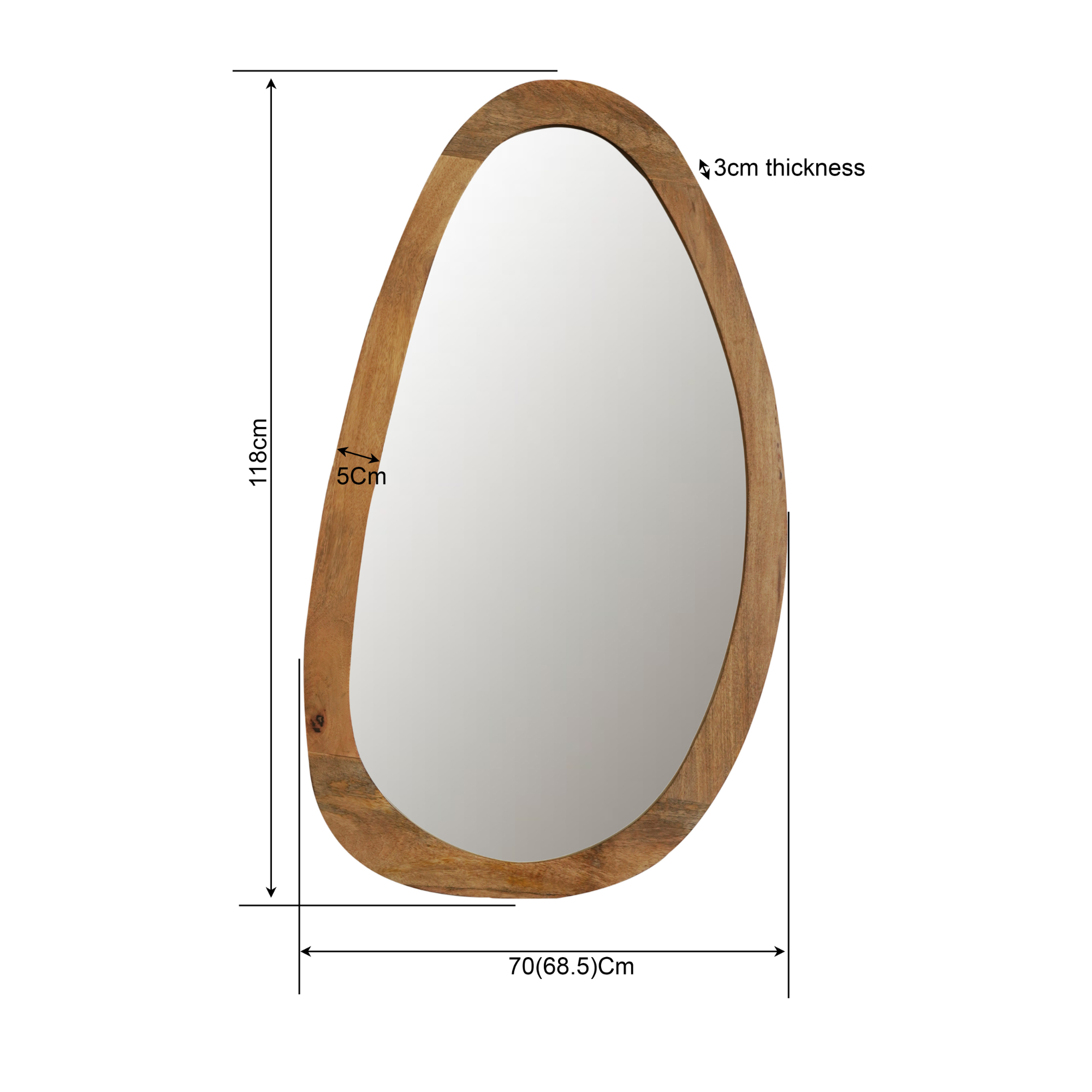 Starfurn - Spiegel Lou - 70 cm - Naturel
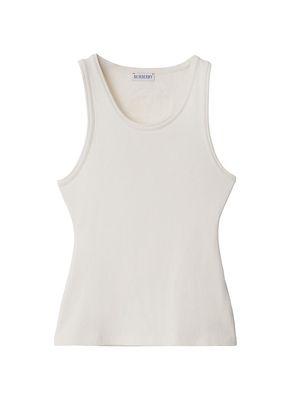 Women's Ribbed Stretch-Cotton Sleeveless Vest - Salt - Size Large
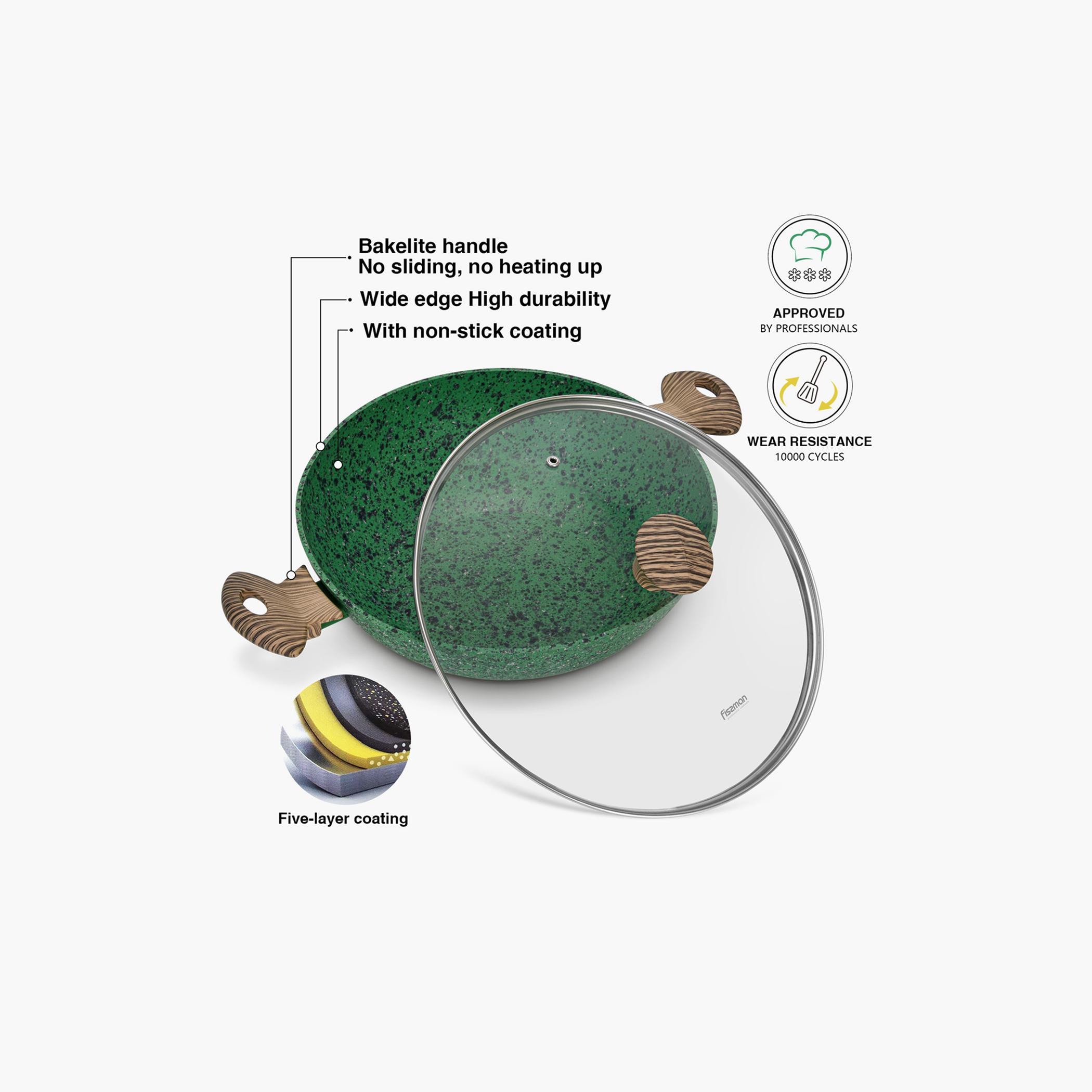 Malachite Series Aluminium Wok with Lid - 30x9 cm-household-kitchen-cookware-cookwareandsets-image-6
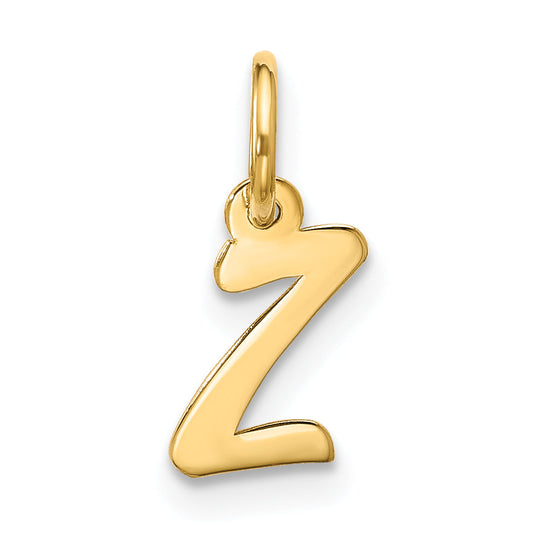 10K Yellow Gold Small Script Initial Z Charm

§ **TASK STATEMENT**
The output consists of exactly the lines from the one containing "Malachite Series Aluminium" through the last line of the listing, both included, with no pictures.

§ **WRITTEN RESPONSE**
 Malachite Series Aluminium Wok with Lid - 30x9 cm-household-kitchen-cookware-cookwareandsets-image-6
 10K Yellow Gold Small Script Initial Z Charm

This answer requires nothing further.